# Task directions
A faithful copy of the listing below is required.

____

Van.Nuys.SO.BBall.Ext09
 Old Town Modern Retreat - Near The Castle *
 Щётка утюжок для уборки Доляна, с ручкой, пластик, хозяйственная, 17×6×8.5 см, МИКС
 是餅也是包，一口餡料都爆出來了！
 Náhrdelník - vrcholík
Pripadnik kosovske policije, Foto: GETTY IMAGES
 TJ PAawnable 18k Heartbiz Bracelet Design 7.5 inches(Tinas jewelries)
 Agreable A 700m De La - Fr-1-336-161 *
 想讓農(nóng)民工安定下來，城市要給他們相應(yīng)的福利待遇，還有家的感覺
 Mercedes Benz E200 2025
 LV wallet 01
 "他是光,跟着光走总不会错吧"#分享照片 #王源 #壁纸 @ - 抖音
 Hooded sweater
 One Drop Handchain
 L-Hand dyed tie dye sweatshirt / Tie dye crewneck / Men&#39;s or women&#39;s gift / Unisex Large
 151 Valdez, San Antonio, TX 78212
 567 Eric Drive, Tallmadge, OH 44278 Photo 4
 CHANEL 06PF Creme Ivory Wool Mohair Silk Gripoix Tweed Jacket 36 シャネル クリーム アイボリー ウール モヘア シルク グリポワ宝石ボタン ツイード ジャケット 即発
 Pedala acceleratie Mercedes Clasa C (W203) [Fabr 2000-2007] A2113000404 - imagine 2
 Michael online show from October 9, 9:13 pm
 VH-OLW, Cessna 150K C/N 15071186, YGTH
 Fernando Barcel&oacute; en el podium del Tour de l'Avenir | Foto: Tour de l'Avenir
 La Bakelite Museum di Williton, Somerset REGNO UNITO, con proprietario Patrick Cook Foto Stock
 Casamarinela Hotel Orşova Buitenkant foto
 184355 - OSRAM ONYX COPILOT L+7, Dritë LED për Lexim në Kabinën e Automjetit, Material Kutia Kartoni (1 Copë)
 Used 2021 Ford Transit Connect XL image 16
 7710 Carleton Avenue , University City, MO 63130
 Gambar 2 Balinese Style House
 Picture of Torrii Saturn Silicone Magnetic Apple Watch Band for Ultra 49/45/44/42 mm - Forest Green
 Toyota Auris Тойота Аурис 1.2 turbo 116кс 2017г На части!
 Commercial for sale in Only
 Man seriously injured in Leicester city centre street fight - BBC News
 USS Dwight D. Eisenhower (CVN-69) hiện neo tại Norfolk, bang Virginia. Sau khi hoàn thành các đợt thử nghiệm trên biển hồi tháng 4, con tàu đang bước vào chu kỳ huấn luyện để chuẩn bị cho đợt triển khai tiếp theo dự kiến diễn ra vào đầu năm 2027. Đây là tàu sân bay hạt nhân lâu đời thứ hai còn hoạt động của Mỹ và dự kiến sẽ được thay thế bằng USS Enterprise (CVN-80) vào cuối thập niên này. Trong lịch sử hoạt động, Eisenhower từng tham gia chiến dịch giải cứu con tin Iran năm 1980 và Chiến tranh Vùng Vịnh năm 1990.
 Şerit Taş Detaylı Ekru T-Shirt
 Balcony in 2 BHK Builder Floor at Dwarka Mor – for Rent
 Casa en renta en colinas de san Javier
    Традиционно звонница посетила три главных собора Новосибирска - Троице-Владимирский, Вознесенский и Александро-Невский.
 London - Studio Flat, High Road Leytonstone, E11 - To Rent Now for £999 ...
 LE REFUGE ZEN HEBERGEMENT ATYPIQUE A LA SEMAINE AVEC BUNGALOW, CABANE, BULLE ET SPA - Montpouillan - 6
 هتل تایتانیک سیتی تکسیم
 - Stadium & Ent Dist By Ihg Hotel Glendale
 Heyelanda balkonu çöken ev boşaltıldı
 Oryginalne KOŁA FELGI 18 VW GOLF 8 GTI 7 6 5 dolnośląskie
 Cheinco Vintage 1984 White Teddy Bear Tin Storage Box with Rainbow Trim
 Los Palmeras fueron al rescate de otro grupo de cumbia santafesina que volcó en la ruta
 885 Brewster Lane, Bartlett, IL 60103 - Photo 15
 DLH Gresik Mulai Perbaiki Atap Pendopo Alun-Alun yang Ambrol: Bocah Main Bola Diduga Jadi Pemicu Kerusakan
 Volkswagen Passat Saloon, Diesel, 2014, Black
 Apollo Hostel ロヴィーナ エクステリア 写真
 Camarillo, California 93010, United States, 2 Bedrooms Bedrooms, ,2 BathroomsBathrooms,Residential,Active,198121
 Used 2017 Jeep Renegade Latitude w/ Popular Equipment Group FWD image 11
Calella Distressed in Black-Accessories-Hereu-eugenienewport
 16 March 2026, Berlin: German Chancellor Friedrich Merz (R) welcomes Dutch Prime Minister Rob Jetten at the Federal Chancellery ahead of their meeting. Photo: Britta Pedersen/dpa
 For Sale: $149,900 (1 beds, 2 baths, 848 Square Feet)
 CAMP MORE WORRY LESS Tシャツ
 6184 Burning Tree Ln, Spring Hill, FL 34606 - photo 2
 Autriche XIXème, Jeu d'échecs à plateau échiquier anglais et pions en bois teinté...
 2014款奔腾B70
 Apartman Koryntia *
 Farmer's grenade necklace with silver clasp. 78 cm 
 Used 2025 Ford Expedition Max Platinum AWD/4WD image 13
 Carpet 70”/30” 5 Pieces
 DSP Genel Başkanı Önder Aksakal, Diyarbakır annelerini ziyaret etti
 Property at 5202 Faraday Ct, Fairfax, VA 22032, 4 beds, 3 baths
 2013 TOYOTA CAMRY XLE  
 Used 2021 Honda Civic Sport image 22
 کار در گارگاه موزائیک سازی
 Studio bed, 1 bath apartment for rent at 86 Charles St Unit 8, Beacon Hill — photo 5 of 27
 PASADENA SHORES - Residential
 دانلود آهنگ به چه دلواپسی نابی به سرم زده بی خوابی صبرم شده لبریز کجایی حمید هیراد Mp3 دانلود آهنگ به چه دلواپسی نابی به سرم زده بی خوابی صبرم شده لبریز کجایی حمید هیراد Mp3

____

# Written answer
Van.Nuys.SO.BBall.Ext09
 Old Town Modern Retreat - Near The Castle *
 Щётка утюжок для уборки Доляна, с ручкой, пластик, хозяйственная, 17×6×8.5 см, МИКС
 是餅也是包，一口餡料都爆出來了！
 Náhrdelník - vrcholík
Pripadnik kosovske policije, Foto: GETTY IMAGES
 TJ PAawnable 18k Heartbiz Bracelet Design 7.5 inches(Tinas jewelries)
 Agreable A 700m De La - Fr-1-336-161 *
 想讓農(nóng)民工安定下來，城市要給他們相應(yīng)的福利待遇，還有家的感覺
 Mercedes Benz E200 2025
 LV wallet 01
 "他是光,跟着光走总不会错吧"#分享照片 #王源 #壁纸 @ - 抖音
 Hooded sweater
 One Drop Handchain
 L-Hand dyed tie dye sweatshirt / Tie dye crewneck / Men&#39;s or women&#39;s gift / Unisex Large
 151 Valdez, San Antonio, TX 78212
 567 Eric Drive, Tallmadge, OH 44278 Photo 4
 CHANEL 06PF Creme Ivory Wool Mohair Silk Gripoix Tweed Jacket 36 シャネル クリーム アイボリー ウール モヘア シルク グリポワ宝石ボタン ツイード ジャケット 即発
 Pedala acceleratie Mercedes Clasa C (W203) [Fabr 2000-2007] A2113000404 - imagine 2
 Michael online show from October 9, 9:13 pm
 VH-OLW, Cessna 150K C/N 15071186, YGTH
 Fernando Barcel&oacute; en el podium del Tour de l'Avenir | Foto: Tour de l'Avenir
 La Bakelite Museum di Williton, Somerset REGNO UNITO, con proprietario Patrick Cook Foto Stock
 Casamarinela Hotel Orşova Buitenkant foto
 184355 - OSRAM ONYX COPILOT L+7, Dritë LED për Lexim në Kabinën e Automjetit, Material Kutia Kartoni (1 Copë)
 Used 2021 Ford Transit Connect XL image 16
 7710 Carleton Avenue , University City, MO 63130
 Gambar 2 Balinese Style House
 Picture of Torrii Saturn Silicone Magnetic Apple Watch Band for Ultra 49/45/44/42 mm - Forest Green
 Toyota Auris Тойота Аурис 1.2 turbo 116кс 2017г На части!
 Commercial for sale in Only
 Man seriously injured in Leicester city centre street fight - BBC News
 USS Dwight D. Eisenhower (CVN-69) hiện neo tại Norfolk, bang Virginia. Sau khi hoàn thành các đợt thử nghiệm trên biển hồi tháng 4, con tàu đang bước vào chu kỳ huấn luyện để chuẩn bị cho đợt triển khai tiếp theo dự kiến diễn ra vào đầu năm 2027. Đây là tàu sân bay hạt nhân lâu đời thứ hai còn hoạt động của Mỹ và dự kiến sẽ được thay thế bằng USS Enterprise (CVN-80) vào cuối thập niên này. Trong lịch sử hoạt động, Eisenhower từng tham gia chiến dịch giải cứu con tin Iran năm 1980 và Chiến tranh Vùng Vịnh năm 1990.
 Şerit Taş Detaylı Ekru T-Shirt
 Balcony in 2 BHK Builder Floor at Dwarka Mor – for Rent
 Casa en renta en colinas de san Javier
    Традиционно звонница посетила три главных собора Новосибирска - Троице-Владимирский, Вознесенский и Александро-Невский.
 London - Studio Flat, High Road Leytonstone, E11 - To Rent Now for £999 ...
 LE REFUGE ZEN HEBERGEMENT ATYPIQUE A LA SEMAINE AVEC BUNGALOW, CABANE, BULLE ET SPA - Montpouillan - 6
 هتل تایتانیک سیتی تکسیم
 - Stadium & Ent Dist By Ihg Hotel Glendale
 Heyelanda balkonu çöken ev boşaltıldı
 Oryginalne KOŁA FELGI 18 VW GOLF 8 GTI 7 6 5 dolnośląskie
 Cheinco Vintage 1984 White Teddy Bear Tin Storage Box with Rainbow Trim
 Los Palmeras fueron al rescate de otro grupo de cumbia santafesina que volcó en la ruta
 885 Brewster Lane, Bartlett, IL 60103 - Photo 15
 DLH Gresik Mulai Perbaiki Atap Pendopo Alun-Alun yang Ambrol: Bocah Main Bola Diduga Jadi Pemicu Kerusakan
 Volkswagen Passat Saloon, Diesel, 2014, Black
 Apollo Hostel ロヴィーナ エクステリア 写真
 Camarillo, California 93010, United States, 2 Bedrooms Bedrooms, ,2 BathroomsBathrooms,Residential,Active,198121
 Used 2017 Jeep Renegade Latitude w/ Popular Equipment Group FWD image 11
Calella Distressed in Black-Accessories-Hereu-eugenienewport
 16 March 2026, Berlin: German Chancellor Friedrich Merz (R) welcomes Dutch Prime Minister Rob Jetten at the Federal Chancellery ahead of their meeting. Photo: Britta Pedersen/dpa
 For Sale: $149,900 (1 beds, 2 baths, 848 Square Feet)
 CAMP MORE WORRY LESS Tシャツ
 6184 Burning Tree Ln, Spring Hill, FL 34606 - photo 2
 Autriche XIXème, Jeu d'échecs à plateau échiquier anglais et pions en bois teinté...
 2014款奔腾B70
 Apartman Koryntia *
 Farmer's grenade necklace with silver clasp. 78 cm 
 Used 2025 Ford Expedition Max Platinum AWD/4WD image 13
 Carpet 70”/30” 5 Pieces
 DSP Genel Başkanı Önder Aksakal, Diyarbakır annelerini ziyaret etti
 Property at 5202 Faraday Ct, Fairfax, VA 22032, 4 beds, 3 baths
 2013 TOYOTA CAMRY XLE  
 Used 2021 Honda Civic Sport image 22
 کار در گارگاه موزائیک سازی
 Studio bed, 1 bath apartment for rent at 86 Charles St Unit 8, Beacon Hill — photo 5 of 27
 PASADENA SHORES - Residential
 دانلود آهنگ به چه دلواپسی نابی به سرم زده بی خوابی صبرم شده لبریز کجایی حمید هیراد Mp3 دانلود آهنگ به چه دلواپسی نابی به سرم زده بی خوابی صبرم شده لبریز کجایی حمید هیراد Mp3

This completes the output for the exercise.